= Beginning of Section =

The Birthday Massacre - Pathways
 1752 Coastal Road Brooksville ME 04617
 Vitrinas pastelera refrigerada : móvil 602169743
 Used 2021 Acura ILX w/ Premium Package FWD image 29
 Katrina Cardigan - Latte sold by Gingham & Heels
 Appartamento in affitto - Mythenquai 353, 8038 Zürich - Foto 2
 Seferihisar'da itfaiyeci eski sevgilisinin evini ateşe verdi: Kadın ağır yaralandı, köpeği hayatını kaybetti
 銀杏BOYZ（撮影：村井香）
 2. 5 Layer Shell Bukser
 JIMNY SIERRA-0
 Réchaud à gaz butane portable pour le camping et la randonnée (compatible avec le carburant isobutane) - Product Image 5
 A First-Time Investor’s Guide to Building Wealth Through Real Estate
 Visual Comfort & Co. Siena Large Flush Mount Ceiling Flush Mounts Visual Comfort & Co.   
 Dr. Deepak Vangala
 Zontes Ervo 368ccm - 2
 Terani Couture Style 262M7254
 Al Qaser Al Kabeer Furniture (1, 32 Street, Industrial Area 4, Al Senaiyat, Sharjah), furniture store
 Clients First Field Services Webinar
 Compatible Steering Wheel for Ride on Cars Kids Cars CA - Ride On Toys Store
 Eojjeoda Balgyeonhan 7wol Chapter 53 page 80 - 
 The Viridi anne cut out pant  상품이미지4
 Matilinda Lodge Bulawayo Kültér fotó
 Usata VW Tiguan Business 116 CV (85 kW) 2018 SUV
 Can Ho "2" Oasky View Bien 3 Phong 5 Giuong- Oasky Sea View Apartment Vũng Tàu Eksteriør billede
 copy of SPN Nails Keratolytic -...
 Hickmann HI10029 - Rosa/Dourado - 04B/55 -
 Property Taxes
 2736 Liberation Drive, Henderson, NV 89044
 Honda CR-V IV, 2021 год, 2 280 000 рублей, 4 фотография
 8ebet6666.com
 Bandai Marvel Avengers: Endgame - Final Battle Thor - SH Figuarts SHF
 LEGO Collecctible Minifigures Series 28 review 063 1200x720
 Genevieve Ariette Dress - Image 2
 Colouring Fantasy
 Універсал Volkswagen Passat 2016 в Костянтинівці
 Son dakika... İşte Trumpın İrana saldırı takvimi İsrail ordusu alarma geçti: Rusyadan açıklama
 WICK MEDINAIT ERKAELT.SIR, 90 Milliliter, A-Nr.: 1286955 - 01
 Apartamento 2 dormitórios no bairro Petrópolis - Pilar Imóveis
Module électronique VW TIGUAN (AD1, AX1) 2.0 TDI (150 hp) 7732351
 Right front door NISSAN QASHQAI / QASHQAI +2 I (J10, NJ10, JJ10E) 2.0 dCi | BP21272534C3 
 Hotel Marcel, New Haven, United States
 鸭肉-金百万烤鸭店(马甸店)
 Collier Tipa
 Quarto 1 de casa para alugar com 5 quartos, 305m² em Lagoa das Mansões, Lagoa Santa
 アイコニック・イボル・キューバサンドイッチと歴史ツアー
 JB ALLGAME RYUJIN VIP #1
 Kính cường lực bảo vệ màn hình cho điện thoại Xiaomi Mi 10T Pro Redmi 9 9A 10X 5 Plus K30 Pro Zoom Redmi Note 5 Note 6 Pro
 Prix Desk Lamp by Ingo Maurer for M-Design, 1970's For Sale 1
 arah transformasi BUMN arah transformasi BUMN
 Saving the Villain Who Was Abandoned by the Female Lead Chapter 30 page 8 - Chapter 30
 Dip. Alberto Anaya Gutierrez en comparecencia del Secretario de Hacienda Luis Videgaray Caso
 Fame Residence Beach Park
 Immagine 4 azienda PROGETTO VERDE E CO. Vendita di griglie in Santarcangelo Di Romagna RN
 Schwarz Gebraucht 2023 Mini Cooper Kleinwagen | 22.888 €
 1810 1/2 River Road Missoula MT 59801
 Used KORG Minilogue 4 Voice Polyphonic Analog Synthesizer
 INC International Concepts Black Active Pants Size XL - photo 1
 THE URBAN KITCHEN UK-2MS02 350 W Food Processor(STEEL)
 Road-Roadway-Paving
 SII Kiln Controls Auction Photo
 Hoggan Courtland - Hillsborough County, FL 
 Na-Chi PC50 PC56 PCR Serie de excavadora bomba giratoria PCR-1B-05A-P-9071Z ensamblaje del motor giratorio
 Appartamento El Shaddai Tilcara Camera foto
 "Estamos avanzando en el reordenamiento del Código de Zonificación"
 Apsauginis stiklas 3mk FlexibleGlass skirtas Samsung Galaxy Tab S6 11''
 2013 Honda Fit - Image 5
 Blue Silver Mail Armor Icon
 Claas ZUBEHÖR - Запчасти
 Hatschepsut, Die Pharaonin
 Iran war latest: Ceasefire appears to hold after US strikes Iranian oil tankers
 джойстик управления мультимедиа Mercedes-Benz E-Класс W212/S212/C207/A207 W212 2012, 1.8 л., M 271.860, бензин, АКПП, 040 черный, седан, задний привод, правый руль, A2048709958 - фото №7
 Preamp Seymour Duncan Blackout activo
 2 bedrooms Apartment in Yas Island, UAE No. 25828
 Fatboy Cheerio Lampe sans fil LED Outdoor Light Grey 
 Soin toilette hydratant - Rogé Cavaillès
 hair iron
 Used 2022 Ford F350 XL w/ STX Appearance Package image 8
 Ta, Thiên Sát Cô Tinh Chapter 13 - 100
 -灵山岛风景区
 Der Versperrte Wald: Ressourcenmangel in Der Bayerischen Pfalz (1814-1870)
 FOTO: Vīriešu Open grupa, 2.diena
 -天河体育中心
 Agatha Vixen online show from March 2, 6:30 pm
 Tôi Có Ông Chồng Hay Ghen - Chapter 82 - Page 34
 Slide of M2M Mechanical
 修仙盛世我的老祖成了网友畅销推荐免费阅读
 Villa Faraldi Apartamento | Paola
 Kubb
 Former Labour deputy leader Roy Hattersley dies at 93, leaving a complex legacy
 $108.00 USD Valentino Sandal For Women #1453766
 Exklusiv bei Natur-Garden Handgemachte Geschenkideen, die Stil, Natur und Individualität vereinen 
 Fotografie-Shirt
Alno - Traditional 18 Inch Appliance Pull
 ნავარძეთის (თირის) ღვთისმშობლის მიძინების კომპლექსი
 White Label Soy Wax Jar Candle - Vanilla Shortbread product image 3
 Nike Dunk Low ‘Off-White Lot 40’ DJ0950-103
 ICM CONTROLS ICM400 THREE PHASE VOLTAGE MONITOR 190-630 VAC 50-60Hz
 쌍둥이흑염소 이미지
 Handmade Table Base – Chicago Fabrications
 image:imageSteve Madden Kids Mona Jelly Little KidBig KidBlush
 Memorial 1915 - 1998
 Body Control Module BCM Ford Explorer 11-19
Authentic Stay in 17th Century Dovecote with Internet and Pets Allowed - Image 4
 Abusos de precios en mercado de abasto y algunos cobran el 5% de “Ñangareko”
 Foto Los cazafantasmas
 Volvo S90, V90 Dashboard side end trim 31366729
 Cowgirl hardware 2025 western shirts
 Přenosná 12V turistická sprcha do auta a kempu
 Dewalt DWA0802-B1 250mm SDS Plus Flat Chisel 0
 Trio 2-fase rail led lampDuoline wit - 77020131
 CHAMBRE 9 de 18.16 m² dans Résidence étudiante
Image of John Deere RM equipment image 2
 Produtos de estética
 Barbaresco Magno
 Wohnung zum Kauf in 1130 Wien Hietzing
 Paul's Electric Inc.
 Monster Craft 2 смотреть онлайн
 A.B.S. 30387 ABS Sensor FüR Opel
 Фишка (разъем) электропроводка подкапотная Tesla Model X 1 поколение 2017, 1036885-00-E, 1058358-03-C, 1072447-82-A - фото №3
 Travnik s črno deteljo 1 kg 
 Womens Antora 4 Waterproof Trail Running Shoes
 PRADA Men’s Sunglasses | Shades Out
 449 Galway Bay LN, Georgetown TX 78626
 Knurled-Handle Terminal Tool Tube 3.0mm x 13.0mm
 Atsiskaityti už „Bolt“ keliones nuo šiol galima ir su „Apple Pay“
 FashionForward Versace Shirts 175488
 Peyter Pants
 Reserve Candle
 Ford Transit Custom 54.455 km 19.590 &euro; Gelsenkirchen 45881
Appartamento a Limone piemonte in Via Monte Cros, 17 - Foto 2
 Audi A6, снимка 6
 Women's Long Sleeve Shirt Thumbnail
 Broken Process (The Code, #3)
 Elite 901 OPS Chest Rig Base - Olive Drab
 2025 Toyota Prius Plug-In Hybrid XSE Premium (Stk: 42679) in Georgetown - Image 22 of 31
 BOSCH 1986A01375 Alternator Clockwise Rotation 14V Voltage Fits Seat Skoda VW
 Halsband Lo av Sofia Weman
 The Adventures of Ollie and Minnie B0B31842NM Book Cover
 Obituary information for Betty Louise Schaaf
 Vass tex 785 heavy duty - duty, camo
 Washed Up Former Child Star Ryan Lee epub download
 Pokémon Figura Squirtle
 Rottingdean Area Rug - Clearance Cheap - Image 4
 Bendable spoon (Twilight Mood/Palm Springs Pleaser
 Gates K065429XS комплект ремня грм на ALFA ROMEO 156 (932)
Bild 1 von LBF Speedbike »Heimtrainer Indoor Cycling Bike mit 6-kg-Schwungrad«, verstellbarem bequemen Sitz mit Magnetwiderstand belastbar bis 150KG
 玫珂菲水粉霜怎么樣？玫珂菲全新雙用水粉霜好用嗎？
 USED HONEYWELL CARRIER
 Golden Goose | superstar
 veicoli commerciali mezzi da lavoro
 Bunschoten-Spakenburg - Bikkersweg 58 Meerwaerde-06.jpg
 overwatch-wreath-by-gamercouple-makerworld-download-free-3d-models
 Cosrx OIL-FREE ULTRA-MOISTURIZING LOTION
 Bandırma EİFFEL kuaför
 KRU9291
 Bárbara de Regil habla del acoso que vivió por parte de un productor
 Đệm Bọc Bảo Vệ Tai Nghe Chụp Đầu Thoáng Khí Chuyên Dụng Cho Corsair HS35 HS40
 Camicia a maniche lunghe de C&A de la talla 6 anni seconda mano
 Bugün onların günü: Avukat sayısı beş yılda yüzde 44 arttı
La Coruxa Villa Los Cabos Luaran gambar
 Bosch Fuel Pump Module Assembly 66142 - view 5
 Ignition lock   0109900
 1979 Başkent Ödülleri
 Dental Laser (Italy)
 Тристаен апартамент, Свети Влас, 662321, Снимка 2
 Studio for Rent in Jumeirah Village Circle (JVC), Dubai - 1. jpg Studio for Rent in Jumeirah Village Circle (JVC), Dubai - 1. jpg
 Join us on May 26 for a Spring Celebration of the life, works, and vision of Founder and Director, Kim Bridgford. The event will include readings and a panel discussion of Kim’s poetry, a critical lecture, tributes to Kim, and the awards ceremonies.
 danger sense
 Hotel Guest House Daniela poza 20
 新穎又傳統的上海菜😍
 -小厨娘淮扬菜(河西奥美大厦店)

= End of Section =

▸ Your objective
Please give an exact copy of the entries above, from the line with "Dr. Deepak Vangala" down to the line with "copy of SPN Nails Keratolytic -...", inclusive, and nothing else.

▸ Response to this exercise
 Dr. Deepak Vangala
 Zontes Ervo 368ccm - 2
 Terani Couture Style 262M7254
 Al Qaser Al Kabeer Furniture (1, 32 Street, Industrial Area 4, Al Senaiyat, Sharjah), furniture store
 Clients First Field Services Webinar
 Compatible Steering Wheel for Ride on Cars Kids Cars CA - Ride On Toys Store
 Eojjeoda Balgyeonhan 7wol Chapter 53 page 80 - 
 The Viridi anne cut out pant  상품이미지4
 Matilinda Lodge Bulawayo Kültér fotó
 Usata VW Tiguan Business 116 CV (85 kW) 2018 SUV
 Can Ho "2" Oasky View Bien 3 Phong 5 Giuong- Oasky Sea View Apartment Vũng Tàu Eksteriør billede
 copy of SPN Nails Keratolytic -...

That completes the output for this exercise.